# Self Sufficiency/Living off the Land or Off the Grid > Making Stuff >  paracord bow string possible?

## Bladen

is it possible to make a bow string with paracord?

ok im sure its possible but it might not work so well.

has anybody ever tried this?
if so, how did it work?

----------


## mcgyver

Only on my fire drill bow. 

I would think, comparing to the strings on my bows that it may be too thick (I.E. slow).
You may have better luck twisting the inner strands to make a bow string.

----------


## canid

it has a fair bit of stretch, but it works fine on lower weight bows in a pinch, such as when making an improvised bow.

----------


## Old GI

> it has a fair bit of stretch, but it works fine on lower weight bows in a pinch, such as when making an improvised bow.


Beat me to it.  Nylon stretches quite a bit.

----------


## crashdive123

Yep, what everybody else said.

----------


## SARKY

It won't work because the nylon does stretch (yes I tried it) especially if you leave it under tension for a long time.

----------


## preachtheWORD

As a kid I made many, many "stick bows."  Paracord, and many other types of string, would not be a good choice if you are making a bow at home.  BUT if you are in a survival situation, just about any kind of cord will work for a bowstring.  You might have to pre-stretch it, but it will get the job done.

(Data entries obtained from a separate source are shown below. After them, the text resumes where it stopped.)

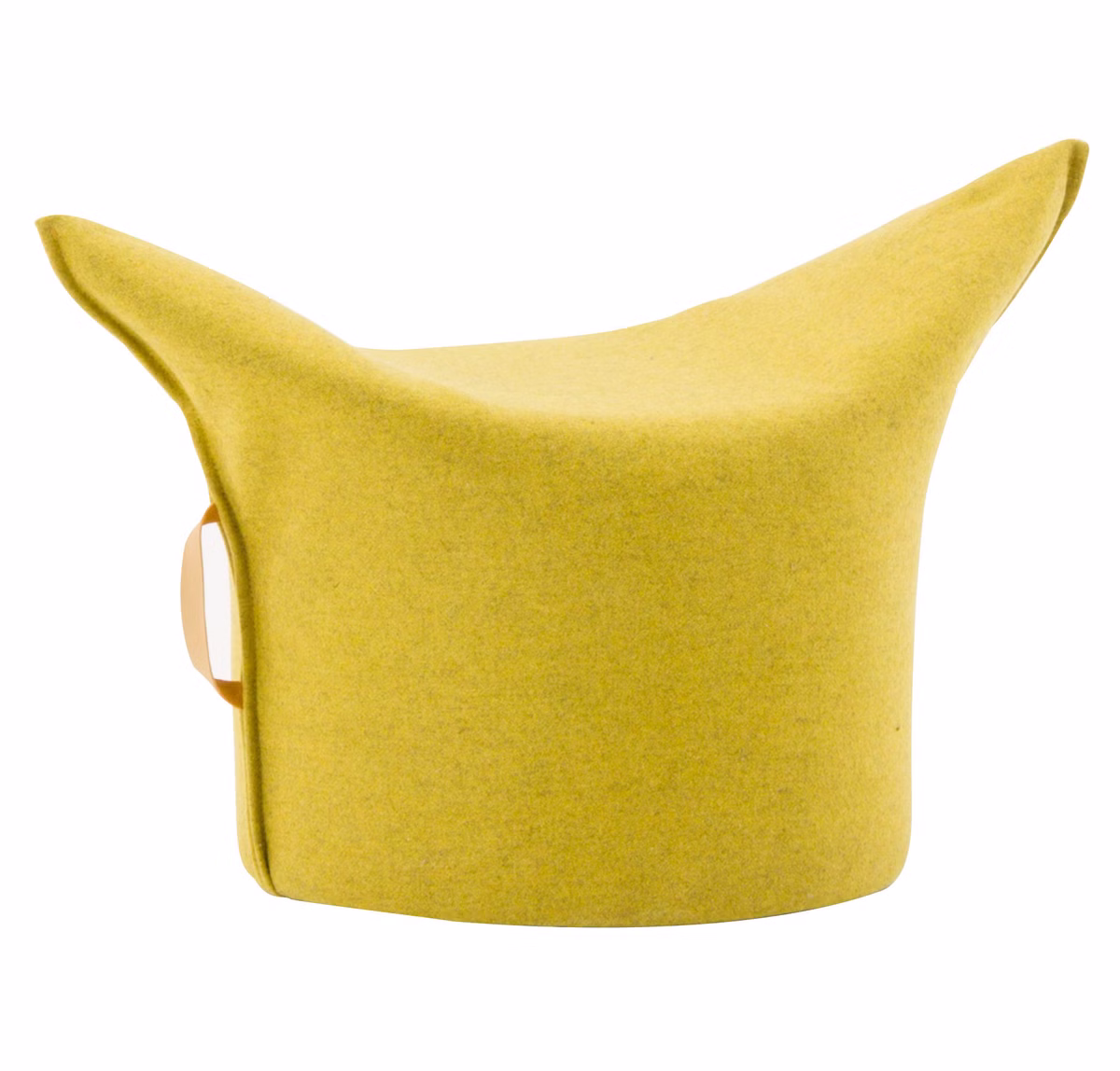 Zipfel Hocker klein, Werther Möbelmanufaktur Zipfel Hocker klein, Werther Möbelmanufaktur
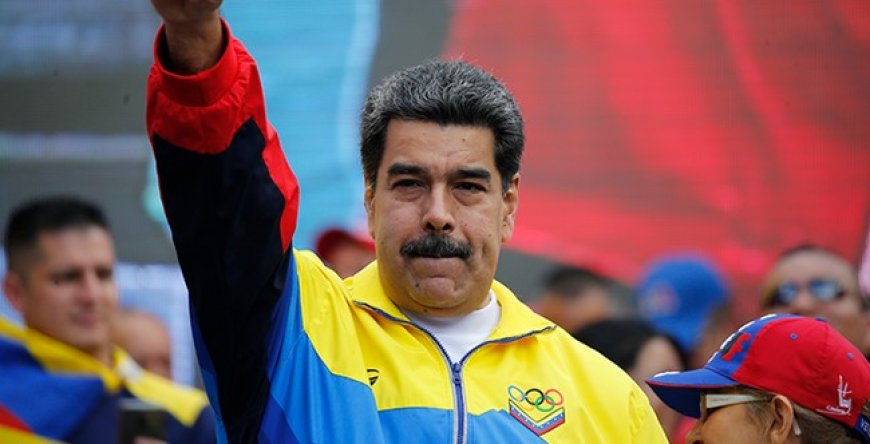 BREAKING: Trump Captures Maduro, Wife; Both Face Trial in New York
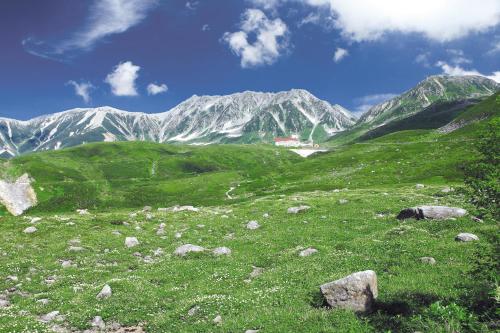 Tateyama Hotels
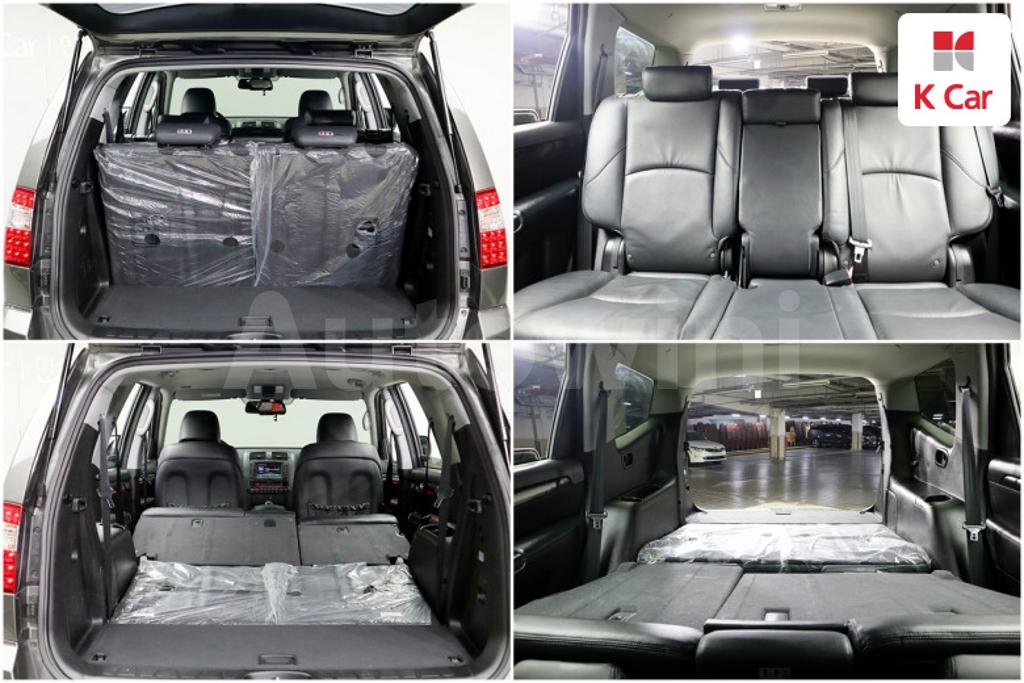 2014 KIA MOHAVE BORREGO 4WD KV300 - 18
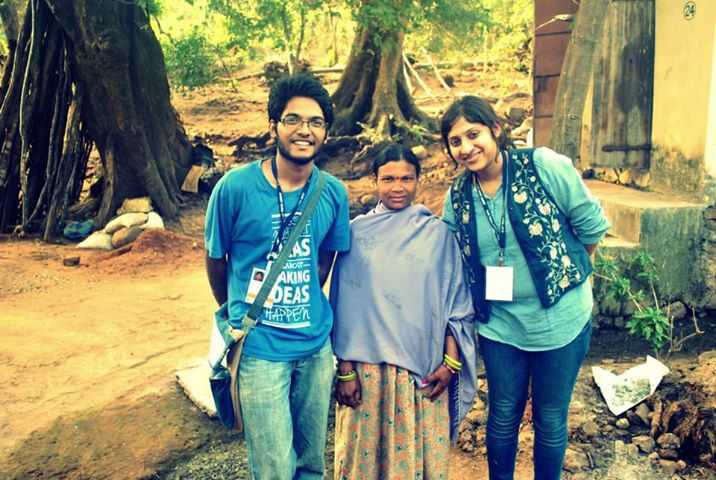 Gram Vikas, Tata Jagriti Yatra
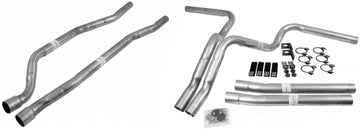 Dynomax 89004 Universal Dual Kit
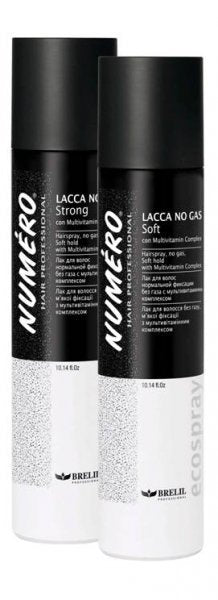 LACCA NO GAS STRONG 300ML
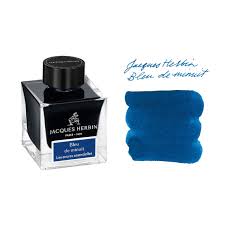 Jacques Herbin - Bleu De Minuit
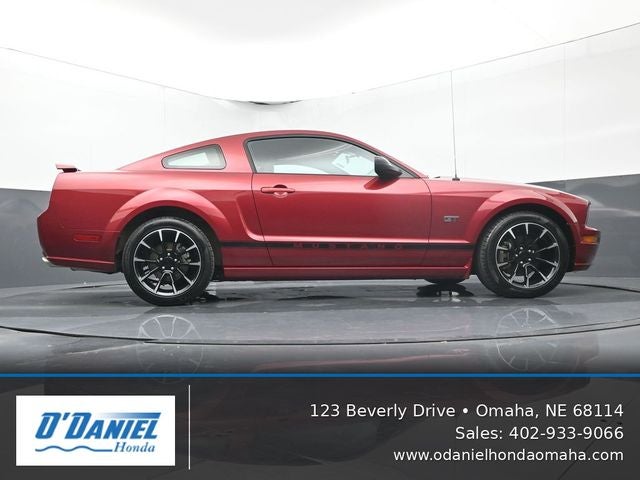 2007 Ford Mustang GT Deluxe
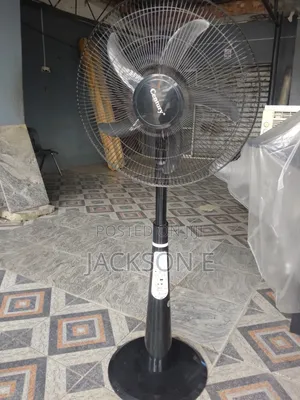 Century Rechargeable Fan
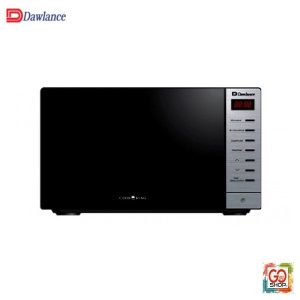 Dawlance DW-297GSS Microwave Oven With Grill 20 Litre - Silver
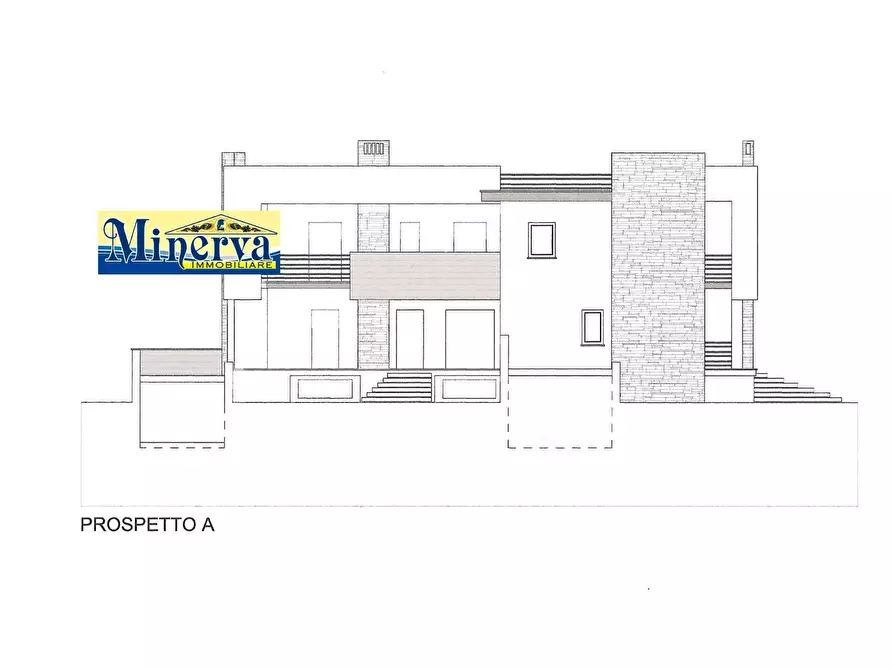 Immagine 40 di Villa in vendita  in Via degli Etruschi a Anzio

Keep in mind, though, that a bow might not be that handy in most survival situations.  Making a bow and arrows that are actually good enough to kill something will take up a lot of precious time and energy that might be better used building a shelter, setting up snares, or trying to find your way out of there.  But, in a long-term survival situation it would be worth the time.

----------


## AaronGTV

> is it possible to make a bow string with paracord?
> 
> ok im sure its possible but it might not work so well.
> 
> has anybody ever tried this?
> if so, how did it work?


Yes it works... I have done this with a 30 lb  Vortex Lite Compound Bow it will work in a pinch. wouldnt call it a standard. and I dont thing I would try it on my 90lb lol.

----------


## Jbird77

While it's not ideal if I was in a situation where paracord was all that I had you can bet that I'm going to do what I have to for it to be used as a bowstring.  I made a similar string out of binder's twine for my grandkids's youth pearson recurve bow string one time and it lasted a good while before wearing through.

----------


## Antonyraison

I am sure is totally possible, just depends on the Poundage you want

But yeah if you really want a nice one take out like 7 strands from like maybe 3 to 4 lengths and twist them all together.

----------


## Chī

Agreed I twist five to eight (inner strands) depending on how strong your pull is.

----------